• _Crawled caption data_
···

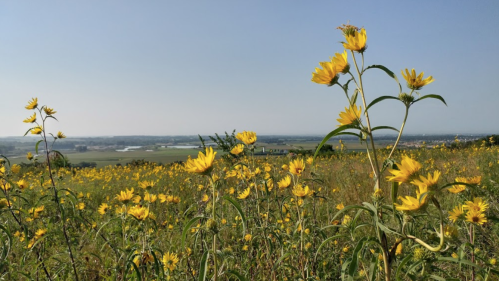 A vibrant field of yellow flowers stretches across the landscape under a clear blue sky.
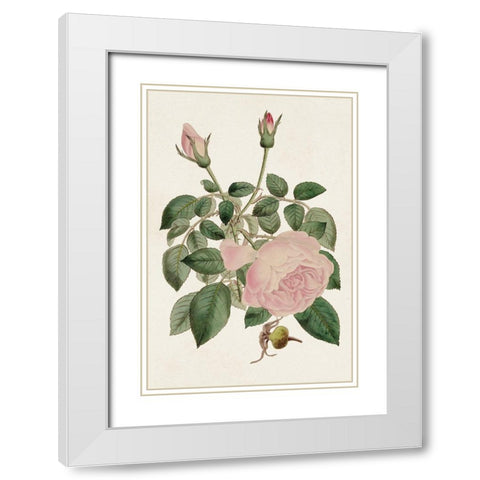 Pink Floral Mix II White Modern Wood Framed Art Print with Double Matting by Ridgeway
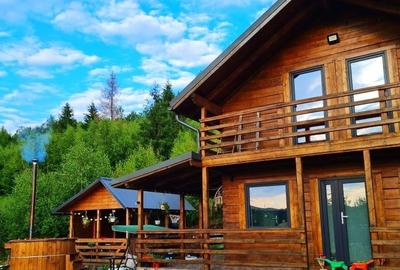 Cabana de vanzare – o oaza de liniste in Muntii Apuseni – Valea Ierii, jud. Cluj - 2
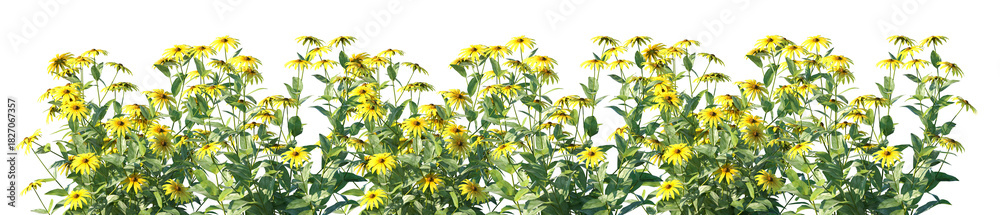 Obraz premium Set of Rudbeckia laciniata (he cutleaf coneflower, cutleaf, goldenglow, green-headed coneflower) flowering frontal isolated png on a transparent background perfectly cutout high resolution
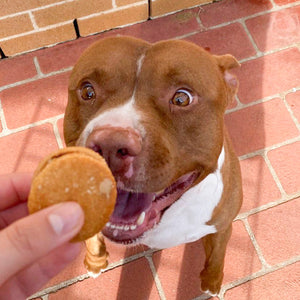 Peanut Butter Macarons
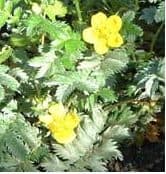 G: Gänseblümchen · Gänsefingerkraut · Goldrute · Gundelrebe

···

• _ASSIGNMENT_
Where the line containing "Peanut Butter Macarons" appears, begin writing out the lines word for word, and continue through the last line of the data, leaving out pictures.

• _WRITTEN ANSWER_
 Peanut Butter Macarons
 G: Gänseblümchen · Gänsefingerkraut · Goldrute · Gundelrebe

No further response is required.